Note that if non pdf and non image files are present, they will be attached to the vector store and added via the file_search and also to the code_interpreter

“input_file” is only for PDFs. There’s also PDFs that can be password-protected or locked against extraction of searchable text, for further issues.

A PDF attachment to a user message is not a method that you can use for bulk ingestion of data. It is not for loading documents into a vector store.

Instead, each PDF has text extract done on it, in addition to each page being rendered as an image. This is directly placed as content as part of a user message in full.

https://platform.openai.com/docs/guides/pdf-files?api-mode=responses

It is a full, unmitigated context loading. Besides the file size and page limits documented, you must do your own estimation and guessing of how much could be tokenized as an input message (which is limited to 1MB when you send text yourself), as you don’t get to observe the resulting PDF document extraction except as an input usage bill. You can imagine doing this every time you send a new request is going to be computationally intensive and ripe for triggering problems.

Other file types are simply not supported; the user message attachment is solely for PDF.

If you want knowledge and searching, and not full context of every document attempted every turn, you’d want to decide on solely vector store attachment of PDF files also and drop the other methods being attempted.

Having the PDFs in code interpreter and paying for a container is also wasteful, as there is nothing more to “extract” that hasn’t already been done and placed.


If your product is “talk to your PDFs”, you really need make that your product and your document extraction and RAG placement by code, and fail on the PDF and not the API call employing it.

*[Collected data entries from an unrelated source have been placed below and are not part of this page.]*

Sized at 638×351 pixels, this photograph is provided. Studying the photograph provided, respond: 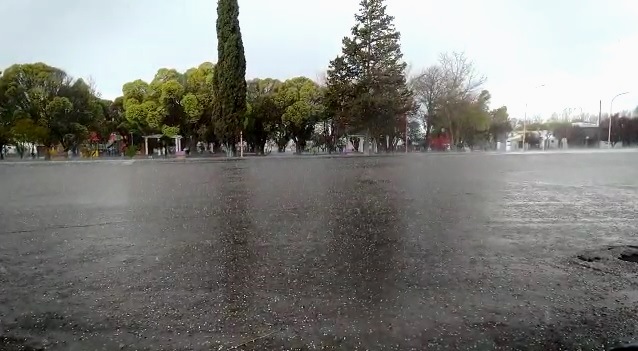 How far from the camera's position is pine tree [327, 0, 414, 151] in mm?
40969

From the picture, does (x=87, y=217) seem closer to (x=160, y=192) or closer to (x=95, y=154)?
(x=160, y=192)

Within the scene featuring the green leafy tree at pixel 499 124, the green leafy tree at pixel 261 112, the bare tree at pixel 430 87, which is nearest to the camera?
the green leafy tree at pixel 261 112

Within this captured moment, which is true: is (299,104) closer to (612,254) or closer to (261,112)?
(261,112)

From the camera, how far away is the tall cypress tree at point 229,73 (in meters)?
37.5

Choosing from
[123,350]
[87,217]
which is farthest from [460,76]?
[123,350]

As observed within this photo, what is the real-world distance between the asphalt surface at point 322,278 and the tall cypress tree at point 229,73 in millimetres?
30795

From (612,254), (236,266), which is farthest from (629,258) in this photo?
(236,266)

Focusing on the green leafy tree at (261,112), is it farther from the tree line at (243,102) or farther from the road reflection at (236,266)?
the road reflection at (236,266)

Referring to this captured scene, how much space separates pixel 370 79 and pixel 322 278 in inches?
1549

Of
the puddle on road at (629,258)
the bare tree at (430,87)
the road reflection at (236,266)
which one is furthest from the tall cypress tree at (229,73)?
the puddle on road at (629,258)

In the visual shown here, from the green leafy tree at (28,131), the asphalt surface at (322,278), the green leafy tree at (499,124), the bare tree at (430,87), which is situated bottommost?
the asphalt surface at (322,278)

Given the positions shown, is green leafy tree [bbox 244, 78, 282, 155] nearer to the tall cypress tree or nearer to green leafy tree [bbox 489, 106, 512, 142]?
the tall cypress tree

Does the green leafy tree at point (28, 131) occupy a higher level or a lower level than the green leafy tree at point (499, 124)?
lower

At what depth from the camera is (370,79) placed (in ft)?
136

Thank you for the detailed explanation! This makes now.

For all PDFs, I use the input_file and for non PDF and non image, I use the file_search and the code_interpreter tool.

What I will try to do will be to extract the contents myself and send the text content to the API instead of allowing the AI API to process the files

Good luck to you! The more you think about possible applications, the more you will likely want an agent workflow that discovers the user’s intentions and intelligently provides what they need:

  • Are they asking to have an entire PDF summarized
  • Are they wanting a knowledge database to inquire about
  • Are they wanting PDF operated on, “delete the blank pages”
  • Are they smarter than you with new use-case?

Then you’d start to think:

  • Should I have independent AI calls to summarize whole documents for later understanding and retrieval?
  • Should I have a UI that starts processing PDFs before a question is even posed?
  • Can I provide a PDF OCR product without even involving AI if that is what is desired?
  • Do I want single turns in a chat history with persistent PDFs as past user messages; should they be stripped out and expired? Should they be on-demand retrieval?

If you want every facet of task possibility done well, and an AI with high attention to the task, you wouldn’t use a generic offering.